BELCHERTOWN — Belchertown High School’s science, technology, engineering and math program is in the process of a high-tech makeover thanks to a $100,000 state grant.

In 2016, state Sen. Eric Lesser, D-Longmeadow, secured the grant for expanding the high school’s STEM program, which the school received over the summer.

On Tuesday morning, Lesser visited the high school to speak with educators about the new equipment and other plans for the program. It was one of four scheduled stops for the senator throughout the day in Belchertown, which also included visits to the UMass Cold Spring Orchard; the “Nest,” a Belchertown SOARR (Speaking Out About Addiction & Recovery) resource center; and a MassDevelopment briefing on the future of the Belchertown State School property.

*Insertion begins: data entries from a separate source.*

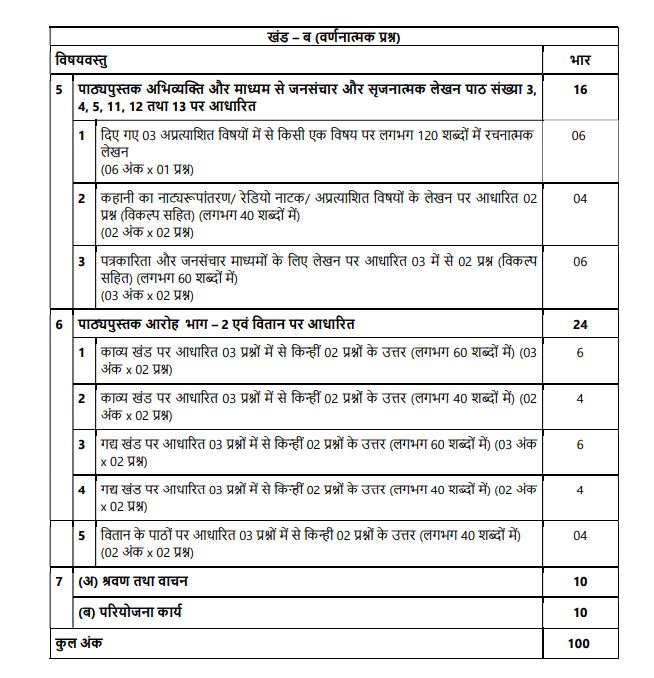 CBSE Class 12 Hindi Exam Pattern 2024 with Marking Scheme and Topic ...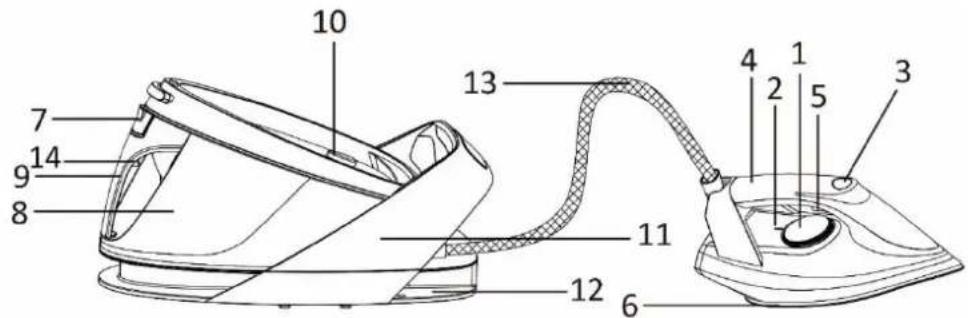 Emerio SG123562 - IDENTIFIERING AV DELARNA - 1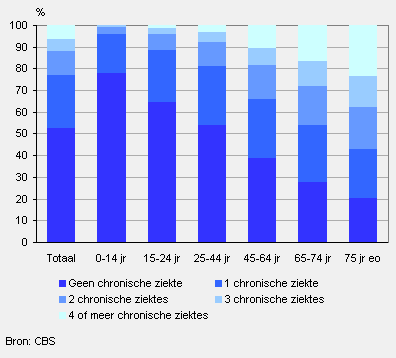 Aantal chronische ziektes naar leeftijd, 2001/2008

A laser cutter, three 3-D printers, robotics equipment, a dust collector, green screen technology and woodworking table saws are all among the new additions to the high school’s STEM program.

Standing in a classroom with some of the new equipment, Lesser called the project “about as good a use of taxpayer dollars as we’re ever going to find.”

“My feeling is if you have just one kid that gets inspired to enter this field and start a business locally or wants to join a company locally… it’s worth it,” Lesser said.

Manuela LeBlanc, a math teacher at Belchertown High, said that students are eager to take advantage of the new technology. The program is expected to fully launch next school year.

“Every time (students) walk by they’re trying to look in, like ‘When is that going to be done?’” LeBlanc said. “So the interest is very high. Just from last year to this year the enrollment was quite a jump.”

Although overall enrollment in the program has risen, STEM teachers Clay Hennessy and Kyle Landrio said that they are still working to encourage greater diversity among students in the program.

“We’re trying to get females and underrepresented minorities involved in computer science, because it’s such an untapped resource,” Hennessy said. “The boys outnumber the girls… It’s a huge imbalance.”

The educators are also hoping to integrate the new equipment with classes outside of the STEM program.

“We want to implement it in as many classes throughout the school as possible, not just one specific subject… whoever can come up with anything we can integrate, that’s our goal,” LeBlanc said.

Landrio, who coordinates the STEM program, said that the school has made use of nearly all of the funding. Around $300 to $600 remains, but is earmarked for robotics equipment.

“I think we accounted for all but $1.83 of (the grant),” Landrio said.

With the grant, which was written to cover equipment costs, the school was able to purchase all of the “big-ticket items,” Landrio said, although they still need to purchase furniture, which is not included with the money.

The school hopes to have most of the equipment set up by the end of the school year, according to LeBlanc.